(Scraped caption text data)
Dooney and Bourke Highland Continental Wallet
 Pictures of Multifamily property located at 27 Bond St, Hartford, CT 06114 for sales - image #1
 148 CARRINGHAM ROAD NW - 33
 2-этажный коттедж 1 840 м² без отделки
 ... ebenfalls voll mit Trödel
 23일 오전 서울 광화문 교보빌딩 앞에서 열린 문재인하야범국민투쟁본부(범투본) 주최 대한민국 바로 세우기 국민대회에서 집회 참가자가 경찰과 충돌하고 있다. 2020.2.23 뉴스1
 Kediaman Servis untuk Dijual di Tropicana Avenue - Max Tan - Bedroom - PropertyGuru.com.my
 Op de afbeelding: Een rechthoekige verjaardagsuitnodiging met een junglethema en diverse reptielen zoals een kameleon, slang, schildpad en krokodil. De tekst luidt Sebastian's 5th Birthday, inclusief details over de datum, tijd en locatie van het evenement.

## What is being asked
Print the data in full, with each line exactly as given.

## Response to the task
Dooney and Bourke Highland Continental Wallet
 Pictures of Multifamily property located at 27 Bond St, Hartford, CT 06114 for sales - image #1
 148 CARRINGHAM ROAD NW - 33
 2-этажный коттедж 1 840 м² без отделки
 ... ebenfalls voll mit Trödel
 23일 오전 서울 광화문 교보빌딩 앞에서 열린 문재인하야범국민투쟁본부(범투본) 주최 대한민국 바로 세우기 국민대회에서 집회 참가자가 경찰과 충돌하고 있다. 2020.2.23 뉴스1
 Kediaman Servis untuk Dijual di Tropicana Avenue - Max Tan - Bedroom - PropertyGuru.com.my
 Op de afbeelding: Een rechthoekige verjaardagsuitnodiging met een junglethema en diverse reptielen zoals een kameleon, slang, schildpad en krokodil. De tekst luidt Sebastian's 5th Birthday, inclusief details over de datum, tijd en locatie van het evenement.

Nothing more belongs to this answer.